Parole giuste, per carità. E dalle indiscrezioni che trapelano dagli ambienti solitamente beninformati pare che il governo si orienterà sulla decisione suggerita dalla Moratti, anche perché ci sono scadenze inderogabili fissate dal Pnrr, fine giugno per il caso in esame.
La cosa che però non era apparsa con adeguata evidenza nelle cronache del “fattaccio”, e che De Luca si è visto costretto a riprendere e rilanciare nel suo ultimo “Venerdì” televisivo, è la ragione che aveva indotto il presidente della Campania a contestare il Piano del ministro Speranza. Si tratta d’un problema d’una semplicità disarmante, ma alla cui preventiva soluzione è legata a doppio filo ogni possibilità di gestione della nuova Medicina Territoriale.
In buona sostanza, il ragionamento di De Luca – sintetizzato nella sua pratica essenzialità – è il seguente: quei sette miliardi servono per realizzare case di comunità, centri operativi ed altro, e per acquistare attrezzature tecnologicamente avanzate e poter disporre di modernissimi mezzi diagnostici. Epperò manca chi fa muovere questa macchina potente e utilissima: manca il personale. Eccolo qui il punto critico che non si può aggirare, fingere di ignorare o, peggio, considerare marginale. Il punto è: chi paga il personale, dove si prendono le risorse finanziarie per far fronte all’assunzione delle unità lavorative indispensabili ma non previste nel Piano Speranza?
È questa la sostanza del problema sollevato da De Luca, è qui il nodo che in mancanza di adeguate soluzioni determinerà la certezza di ritrovarsi domani case di comunità e centri operativi vuoti perché non ci sarà chi li gestisce, e allo stesso modo attrezzature tecnologicamente avanzate senza ci sia chi le usi: insomma, tanta costosissima roba – immobili e macchinari – destinata ad ammuffire, nuove cattedrali nel deserto piene zeppe di buone intenzioni, una montagna di soldi sostanzialmente derubricata a discarica.
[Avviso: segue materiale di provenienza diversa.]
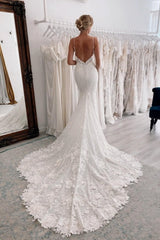 Chic Long White V-neck Mermaid Lace Wedding Dresses-ballbellauk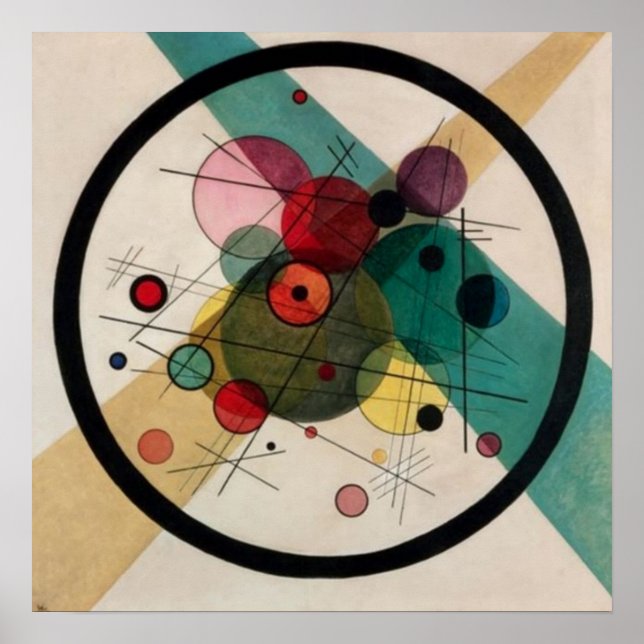 Kandinsky-Kreise in einem Zirkel-Painting-Poster Poster (Vorne)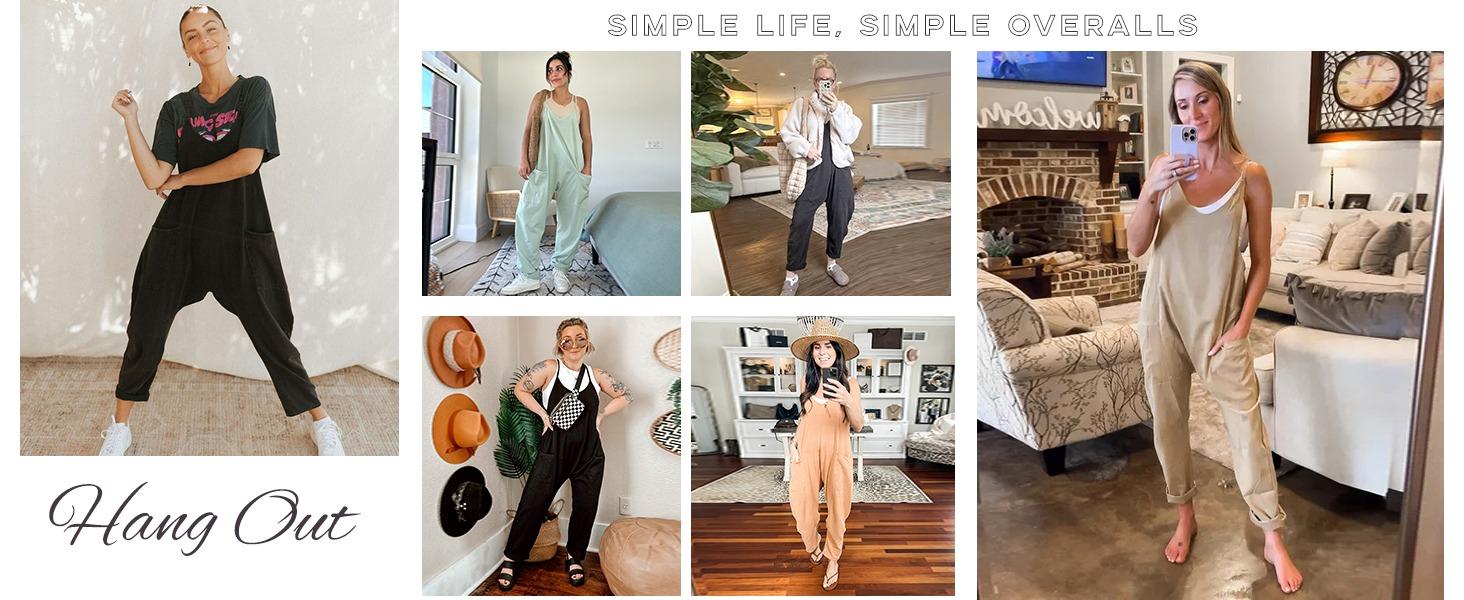 Molitree Women's Causal Jumpsuits V Neck Sleeveless Harem Overalls Stretchy Adjustable Strap Romper with Pockets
Ora, può anche darsi che la Lombardia, il Veneto, la Liguria, l’Emilia Romagna, la Toscana e via discorrendo abbiano tanto di quel personale sanitario, parasanitario e amministrativo da potersene fregare del ragionamento di De Luca. Che dire? Beati loro. Ma è proprio così che stanno le cose da quelle parti?
De Luca ha parlato della Campania e per la Campania, com’era suo dovere fare. E se dice, come ha detto, che nell’organico della Sanità campana mancano ben 15mila addetti tra medici, infermieri, operatori sanitari con altre mansioni e amministrativi – quale persona dotata d’un minimo di responsabilità e buon senso non avrebbe sollevato il problema che lui doverosamente ha messo sul tavolo prima di battere i pugni e porre il veto al Piano di Speranza?
E allora, diciamolo: sarà pure un problema per qualcuno che De Luca abbia il “pensiero” più lungo di ministri e politici un tantino superficiali o distratti e inviti a riflettere oggi per evitare disastri domani. Ma è questo il compito di chi ha responsabilità amministrativa e politica di un territorio. Possiamo dire che il “bandito” sia De Luca e non già coloro – ossia tanti governi centrali – che da decenni, specie in ambito Sanità con la telenovela della “spesa storica”, rapinano ingenti risorse finanziarie alla Campania e più generalmente al Sud favorendo il Centro-Nord?
Suvvia, si smetta questa indigeribile ipocrisia politica!